*** Begin section ***

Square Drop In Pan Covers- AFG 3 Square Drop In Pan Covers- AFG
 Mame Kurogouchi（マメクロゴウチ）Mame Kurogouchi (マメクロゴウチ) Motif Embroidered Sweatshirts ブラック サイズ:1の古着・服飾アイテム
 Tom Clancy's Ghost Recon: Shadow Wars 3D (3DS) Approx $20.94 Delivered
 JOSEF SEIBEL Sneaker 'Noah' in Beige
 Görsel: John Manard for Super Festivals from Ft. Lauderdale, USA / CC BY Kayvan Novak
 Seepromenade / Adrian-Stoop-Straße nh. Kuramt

*** End section ***

◆ Work instructions
Your response should consist solely of the lines from the one containing "Mame Kurogouchi（マメクロゴウチ）Mame Kurogouchi" to the end of the entries, both ends included, exactly as they appear.

◆ Exercise result
 Mame Kurogouchi（マメクロゴウチ）Mame Kurogouchi (マメクロゴウチ) Motif Embroidered Sweatshirts ブラック サイズ:1の古着・服飾アイテム
 Tom Clancy's Ghost Recon: Shadow Wars 3D (3DS) Approx $20.94 Delivered
 JOSEF SEIBEL Sneaker 'Noah' in Beige
 Görsel: John Manard for Super Festivals from Ft. Lauderdale, USA / CC BY Kayvan Novak
 Seepromenade / Adrian-Stoop-Straße nh. Kuramt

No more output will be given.